BBI 0.00% $3.98 babcock & brown infrastructure group

sparcs, page-11

  1. 4,510 Posts.
    You may well regret asking me that emark. It all depends emark on a multitude of factors:

    1. Whether SPARCS bonds get paid out in cash or shares. That is NZ$142M to convert into shares. Until they negotiated the rollover, it looked as though these were going to convert into shares. Note that although BBI Networks bonds have a higher security than the SPARCS bonds, the SPARCS bonds have the advantage of maturing earlier. Therefore I strongly suspect that the major SPARCS noteholders will not rollover a second time if the need arose to do so. Their only significantly leverage is keeping their maturity date in front of the BBI Netwroks bonds, but if the company does not have the cash by May 2010 when the next conversion date comes around, a lot are going to opt for shares I suspect. The senior banks are totally not going to let the SPARCS bonds get paid out in cash until they are satisfied as to the viability of the company. The threat of dilution right now remains very significant from the SPARCS bonds.

    2. Whether BBI Networks bonds get paid out in cash or shares. That is NZ$150M to convert into shares. The sweep facility, assuming there are significant asset sales, will trigger significant payouts of these bonds and therefore hoepfully avoid quite a bit of dilution.

    3. Whether BEPPA gets converted into shares or paid back. That is $700M capital, plus the accrued interest. This interest will continue to accrue to the SPARCS maturity in 2010 and until the BBI Networks bonds are fully paid off. This will take this liability well past $800M. I just cannot right now see where the money for this is going to come from. Unless the company restructures these to limit the dilution and comes to some agreement with the holders on the deferred interest, there is going to be significant dilution.

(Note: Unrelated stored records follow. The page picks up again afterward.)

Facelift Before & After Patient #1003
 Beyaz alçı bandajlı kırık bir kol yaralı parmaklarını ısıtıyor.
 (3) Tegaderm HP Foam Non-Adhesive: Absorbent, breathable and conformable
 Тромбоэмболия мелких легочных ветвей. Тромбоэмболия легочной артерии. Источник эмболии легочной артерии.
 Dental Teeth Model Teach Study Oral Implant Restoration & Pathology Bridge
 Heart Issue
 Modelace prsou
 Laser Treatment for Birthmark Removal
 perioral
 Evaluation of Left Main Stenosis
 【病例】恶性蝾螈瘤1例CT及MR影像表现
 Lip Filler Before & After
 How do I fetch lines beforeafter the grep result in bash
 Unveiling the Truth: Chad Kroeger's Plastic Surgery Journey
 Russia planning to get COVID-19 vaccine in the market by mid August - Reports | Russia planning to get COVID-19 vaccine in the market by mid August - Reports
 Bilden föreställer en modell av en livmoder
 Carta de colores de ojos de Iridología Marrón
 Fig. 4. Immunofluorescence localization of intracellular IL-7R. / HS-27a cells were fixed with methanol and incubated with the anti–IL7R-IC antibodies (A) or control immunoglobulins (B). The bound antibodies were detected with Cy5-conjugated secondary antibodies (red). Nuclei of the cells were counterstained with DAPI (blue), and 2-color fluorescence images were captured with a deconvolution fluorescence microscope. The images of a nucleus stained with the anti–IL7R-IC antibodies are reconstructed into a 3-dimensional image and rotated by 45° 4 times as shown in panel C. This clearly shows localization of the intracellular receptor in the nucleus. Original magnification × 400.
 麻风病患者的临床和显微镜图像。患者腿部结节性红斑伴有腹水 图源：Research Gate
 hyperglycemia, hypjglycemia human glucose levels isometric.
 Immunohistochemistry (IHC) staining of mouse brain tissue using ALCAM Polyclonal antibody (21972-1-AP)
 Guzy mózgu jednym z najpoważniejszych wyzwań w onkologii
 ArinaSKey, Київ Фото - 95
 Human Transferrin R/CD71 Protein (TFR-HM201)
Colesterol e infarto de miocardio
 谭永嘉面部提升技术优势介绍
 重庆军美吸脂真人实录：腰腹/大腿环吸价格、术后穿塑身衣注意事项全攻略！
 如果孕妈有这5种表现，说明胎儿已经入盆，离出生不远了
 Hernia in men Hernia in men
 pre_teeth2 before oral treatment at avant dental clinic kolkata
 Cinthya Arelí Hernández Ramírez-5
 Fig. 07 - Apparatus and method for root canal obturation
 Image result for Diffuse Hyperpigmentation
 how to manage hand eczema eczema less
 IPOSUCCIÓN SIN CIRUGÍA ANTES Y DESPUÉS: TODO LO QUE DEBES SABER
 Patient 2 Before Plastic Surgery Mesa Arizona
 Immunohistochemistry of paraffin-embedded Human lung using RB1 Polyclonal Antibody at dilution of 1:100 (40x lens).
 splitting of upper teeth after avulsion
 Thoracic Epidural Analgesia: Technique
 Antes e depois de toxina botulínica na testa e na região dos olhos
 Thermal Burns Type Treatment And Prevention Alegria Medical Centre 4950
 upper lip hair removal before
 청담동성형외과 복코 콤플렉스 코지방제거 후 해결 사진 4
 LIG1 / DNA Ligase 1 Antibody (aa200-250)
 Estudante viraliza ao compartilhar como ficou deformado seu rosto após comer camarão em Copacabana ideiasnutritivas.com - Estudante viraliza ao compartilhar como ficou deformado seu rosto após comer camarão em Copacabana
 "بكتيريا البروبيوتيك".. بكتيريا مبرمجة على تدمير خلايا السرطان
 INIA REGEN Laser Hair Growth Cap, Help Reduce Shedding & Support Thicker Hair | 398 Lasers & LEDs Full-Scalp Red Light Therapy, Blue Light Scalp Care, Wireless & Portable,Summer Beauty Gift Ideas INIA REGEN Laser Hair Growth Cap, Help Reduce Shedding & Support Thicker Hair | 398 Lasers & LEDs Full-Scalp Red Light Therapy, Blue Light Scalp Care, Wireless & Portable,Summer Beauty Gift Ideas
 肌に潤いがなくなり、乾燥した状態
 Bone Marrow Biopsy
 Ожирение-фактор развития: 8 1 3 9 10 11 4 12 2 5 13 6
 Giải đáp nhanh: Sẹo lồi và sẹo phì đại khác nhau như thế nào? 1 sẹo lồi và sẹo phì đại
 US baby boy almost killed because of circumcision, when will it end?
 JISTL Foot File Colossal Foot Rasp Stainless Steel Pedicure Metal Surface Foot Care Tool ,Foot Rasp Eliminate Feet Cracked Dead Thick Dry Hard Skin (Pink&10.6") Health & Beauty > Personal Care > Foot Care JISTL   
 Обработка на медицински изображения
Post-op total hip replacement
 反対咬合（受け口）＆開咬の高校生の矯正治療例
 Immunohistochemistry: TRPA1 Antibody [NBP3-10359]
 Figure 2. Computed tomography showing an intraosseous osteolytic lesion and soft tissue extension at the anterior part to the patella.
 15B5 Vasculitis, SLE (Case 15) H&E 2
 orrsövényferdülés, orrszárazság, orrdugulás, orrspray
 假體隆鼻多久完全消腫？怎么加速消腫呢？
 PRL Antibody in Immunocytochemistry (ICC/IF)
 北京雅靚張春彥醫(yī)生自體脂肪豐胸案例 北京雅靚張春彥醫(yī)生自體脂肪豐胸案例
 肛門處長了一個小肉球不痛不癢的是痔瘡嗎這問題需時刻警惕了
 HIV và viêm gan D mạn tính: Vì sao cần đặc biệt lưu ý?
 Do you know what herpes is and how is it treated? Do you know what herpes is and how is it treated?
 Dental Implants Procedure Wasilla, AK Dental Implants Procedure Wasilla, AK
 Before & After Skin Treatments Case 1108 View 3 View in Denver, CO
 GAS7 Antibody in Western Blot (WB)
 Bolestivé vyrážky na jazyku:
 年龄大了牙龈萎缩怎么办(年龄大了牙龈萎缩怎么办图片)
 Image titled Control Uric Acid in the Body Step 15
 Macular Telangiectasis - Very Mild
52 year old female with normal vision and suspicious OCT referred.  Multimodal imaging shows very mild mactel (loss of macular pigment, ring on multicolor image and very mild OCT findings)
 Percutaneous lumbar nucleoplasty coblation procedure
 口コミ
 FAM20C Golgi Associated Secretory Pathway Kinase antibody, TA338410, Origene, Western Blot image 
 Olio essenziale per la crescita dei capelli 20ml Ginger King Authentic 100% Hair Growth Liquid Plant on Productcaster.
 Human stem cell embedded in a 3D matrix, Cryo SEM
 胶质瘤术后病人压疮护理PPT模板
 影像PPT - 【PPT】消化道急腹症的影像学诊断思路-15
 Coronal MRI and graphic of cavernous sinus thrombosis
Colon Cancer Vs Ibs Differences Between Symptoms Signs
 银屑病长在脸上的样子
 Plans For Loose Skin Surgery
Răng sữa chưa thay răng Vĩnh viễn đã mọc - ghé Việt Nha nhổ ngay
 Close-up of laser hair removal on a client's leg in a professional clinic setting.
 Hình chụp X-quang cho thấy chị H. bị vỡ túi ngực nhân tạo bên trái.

    4. Whether the company can engineer enough asset sales to repay corporate debts before they fall due.

    5. What value the market is prepared to place on highly geared companies like BBI.

    Personally myself I think if they get the asset sales away as we expect the company to, they hopefully will be able to repay 1 and 2 and I think they will be able to satisfy 4, but they will not be able to repay the preference shares without further significant assets sales over and above what is already planned. This will force the company to try and restructure these prefs to try and limit the conversion factor and therefore try and avoid some of the dilution.

    If the company has net equity of around $2.3B and 2.3B shares on issue, then that seems to be where this $1 NAV per share is coming from.

    Assuming both sets of bonds are redeemed for cash, by applying different dilution factors to BEPPA, the potential NAV's look as follows:

    at current price 5 cents, extra 14B shares get issued, that makes a NAV per share of 13.7 cents.

    at 10:1 conversion, extra 7B shares, NAV 23.2 cents.

    at 5:1 conversion, extra 3.5B shares, NAV 35.6 cents.

    HOWEVER, the market is assuming (rightly or wrongly, and I think wrongly) full conversion of everything with no restructuring and total dilution.

    at 5 cents, that would be an extra 21B shares and a NAV of 8.4 cents. THIS IS WHY THE MARKET HAS BBI AT THESE LOW LEVELS.

    Personally I think there are great opportunities to make money here, but to simply post that the NAV is $1 is really naive. Why some posters are unable to get a grip on this, well it beats me. So therefore I have put down in writing the maths for you to digest.

    Happy to discuss it further in a logical fundamental manner.